Throughout the day, friends boarded and got off the bus to fit their schedules. When the sun set, Ellen and her crew gathered at the Houston Community ToolBank, an organization that lends tools to non-profits. They painted tools and the walls of the ToolBank building. Kids who had been in school during the day and friends who were working could join this leg of the celebration. Ellen arranged for coolers of beer, and the act of kindness became a party.
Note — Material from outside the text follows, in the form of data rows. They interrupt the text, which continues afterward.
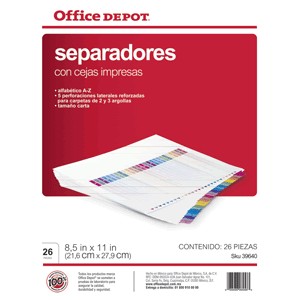 SEPARADORES INDICE OFFICE DEPOT A-Z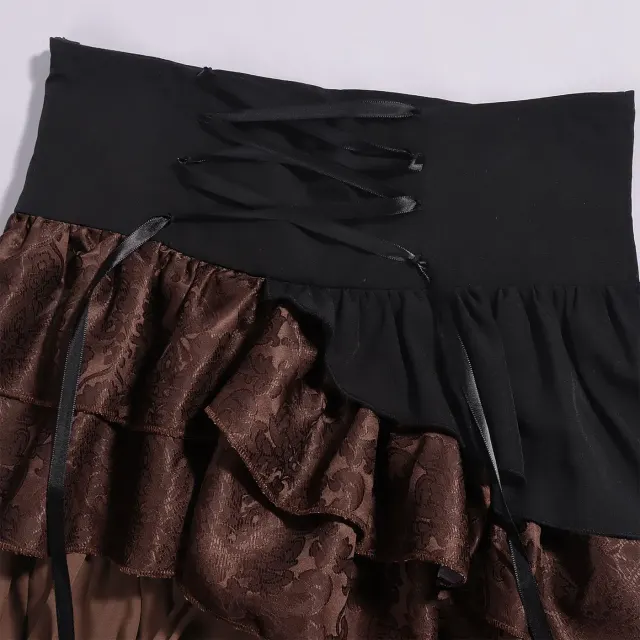 Mittelalterlicher Gothic-Piratenrock mit hoher Taille und Stufen für Halloween Detail 13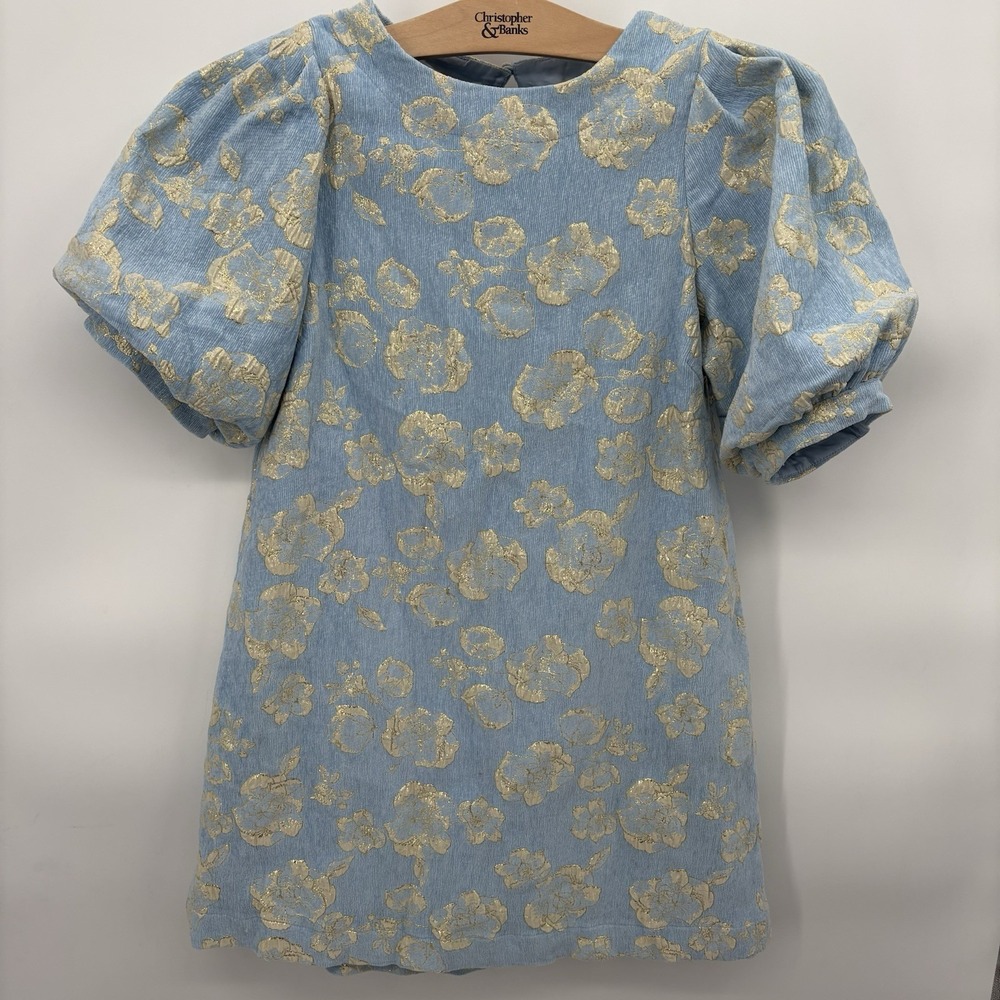 Umgee Rose Jacquard Puff Sleeve Sheath Mini Dress Textured Size Small Baby Blue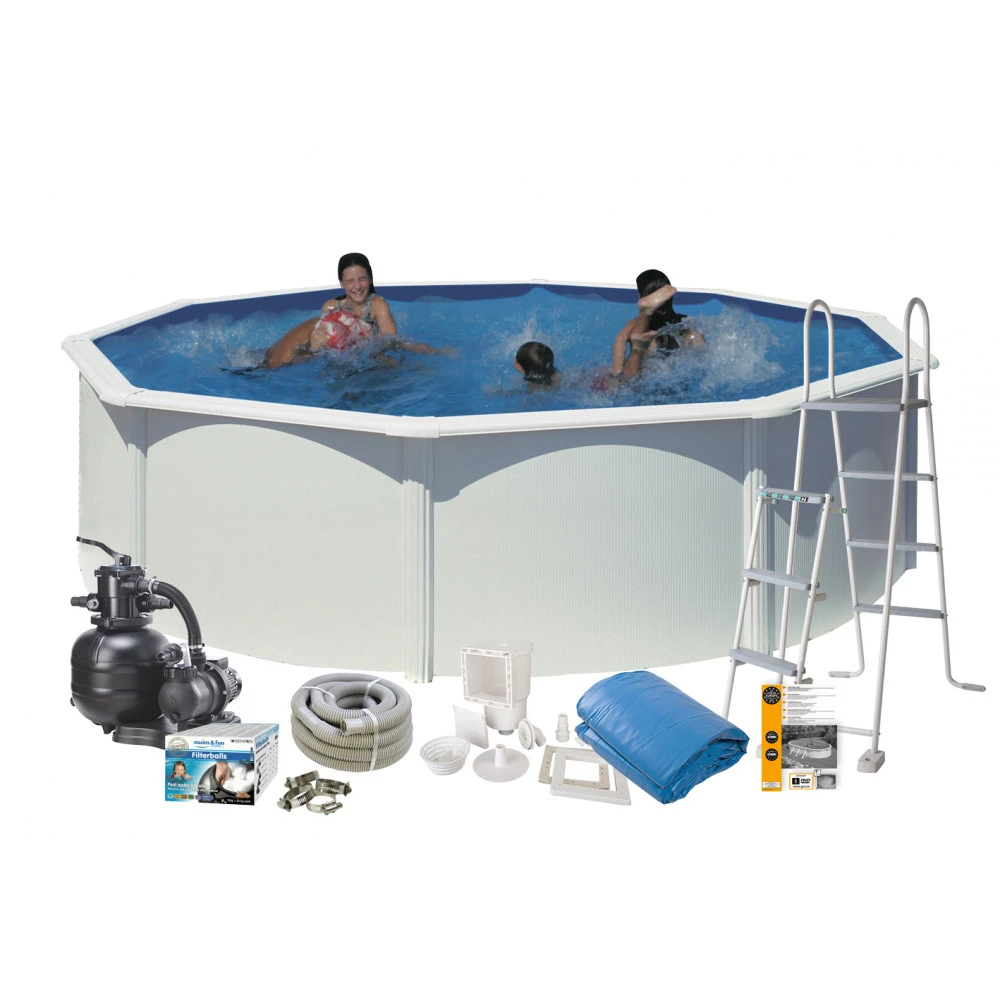 Swim & Fun Pool Basic 120 Ø460 Cm Hvid - 2701 1 Swim & Fun Pool Basic 120 Ø460 Cm Hvid - 2701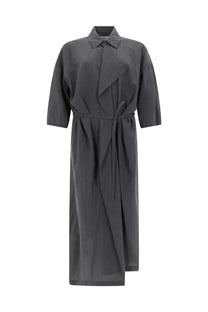 Lemaire women’s asymmetrical dark gray belted shirt dress with structured collar and three quarter sleeves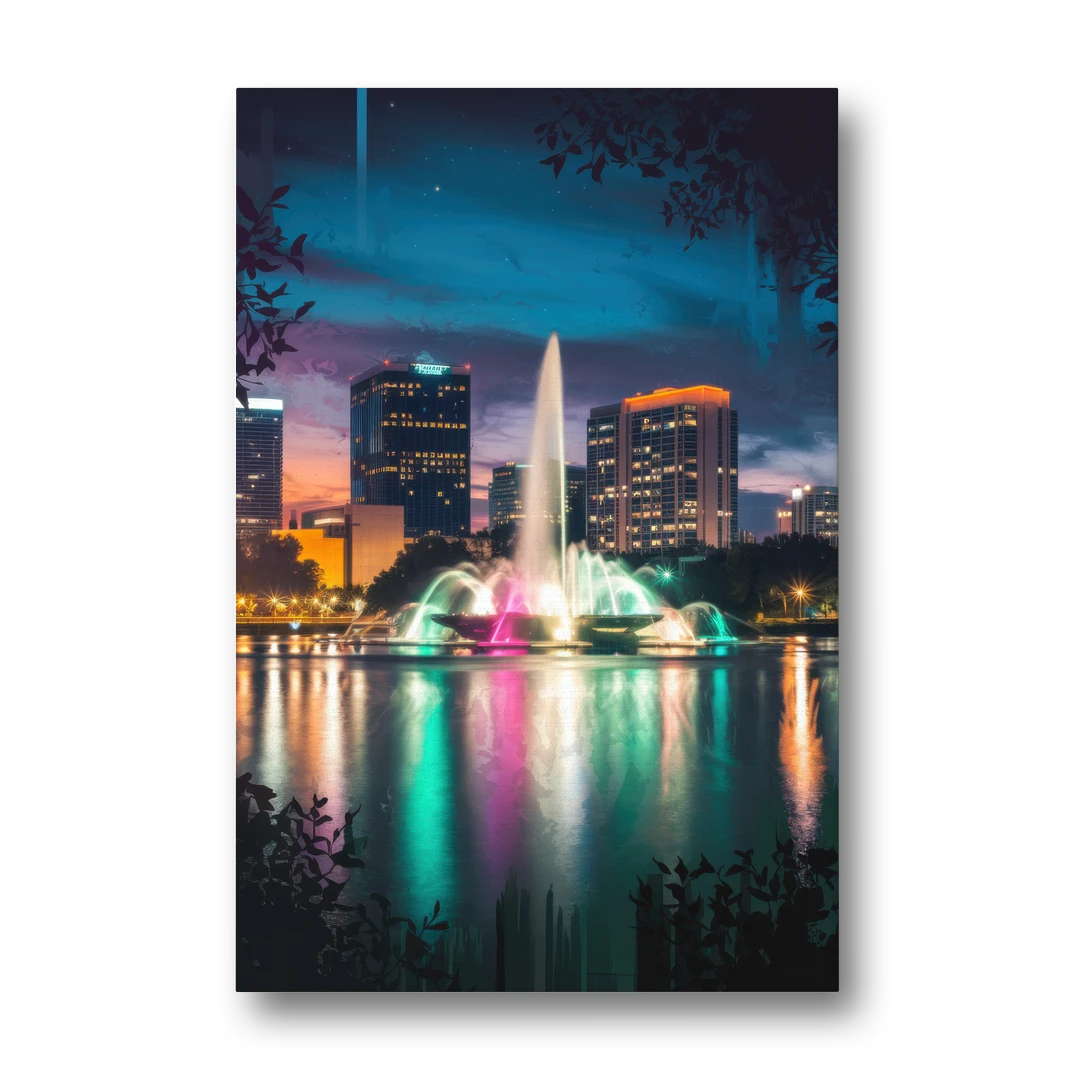 Orlando Downtown Night Lights - Canvas Wall Art - Front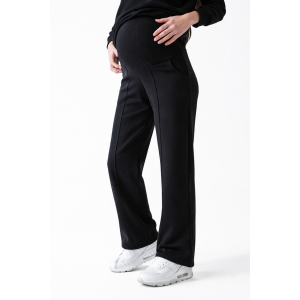 Чёрные Брюки Палаццо Для Беременных С Карманами HN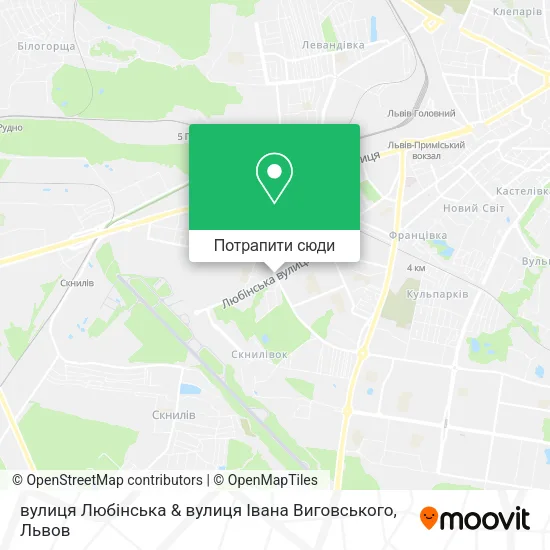 Карта вулиця Любінська & вулиця Івана Виговського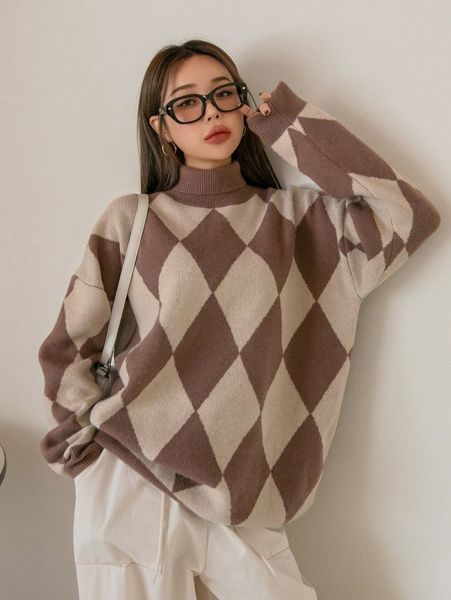 

dazy argyle pattern turtleneck drop shoulder oversized sweater r19p#, White;black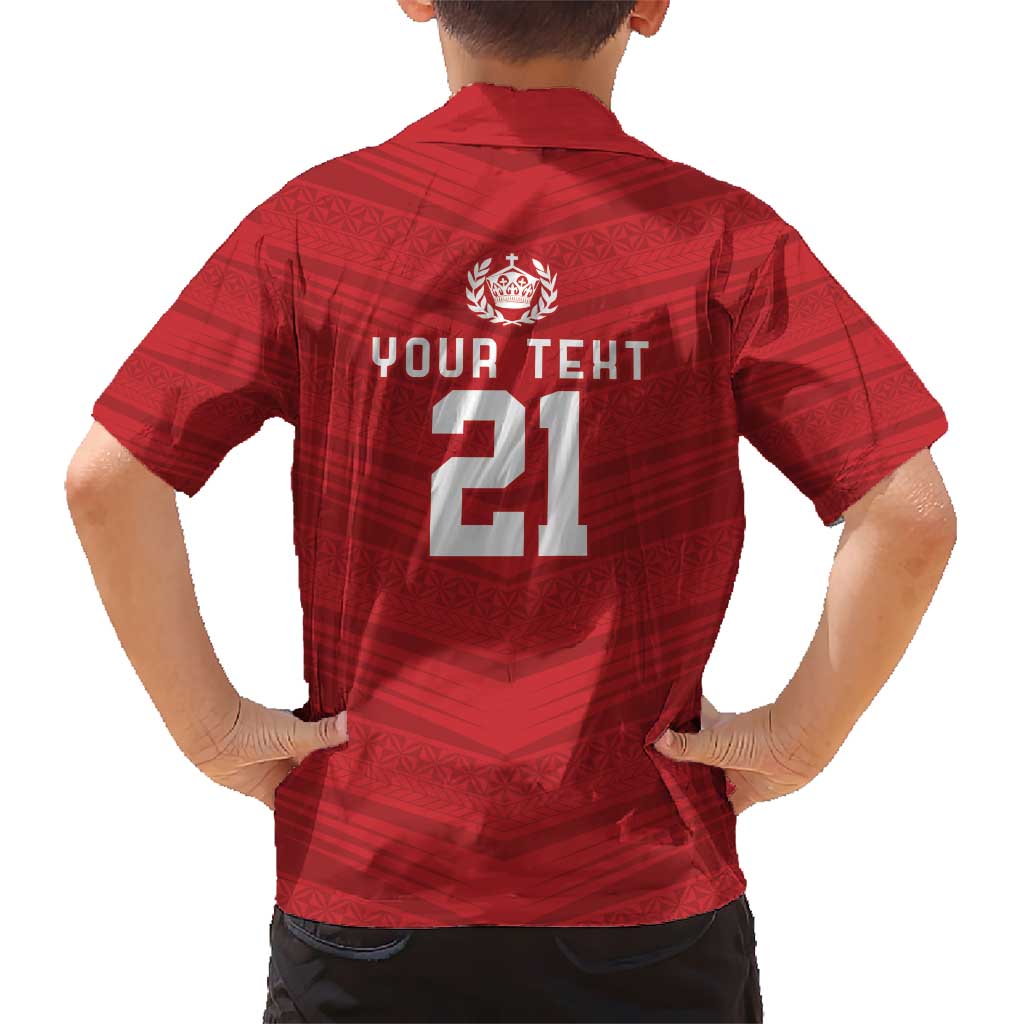 Custom Pacific Rugby Spirit Kid Hawaiian Shirt Tonga Ngatu Pride Red Edition LT9 - Polynesian Pride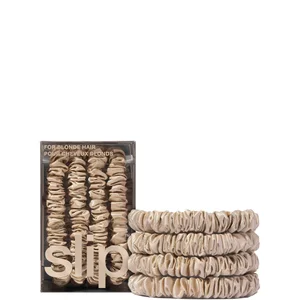 Slip Pure Silk Skinny Scrunchies - Blonde - Colour Blonde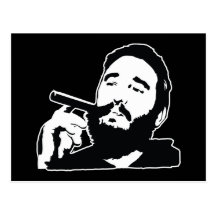 Fidel Castro mit Zigarren-Porträt-Postkarte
“People wanted to know why I was doing this on my birthday,” Ellen says. “Well, why not? I had all my family with me, and now I’m hearing all these cool stories about how we affected people. Even people who couldn’t be here told me they went to dinner with their father who they don’t see often, someone committed to visiting a retirement community weekly, someone else is sending a cancer patient a card every week.”

Ellen initially said, “Although this will not be the big, crazy, dancing-on-the-tables ... celebration, it will be a day to remember!”

That it was – for Ellen and for exponential others she’s inspired to keep the kindness going.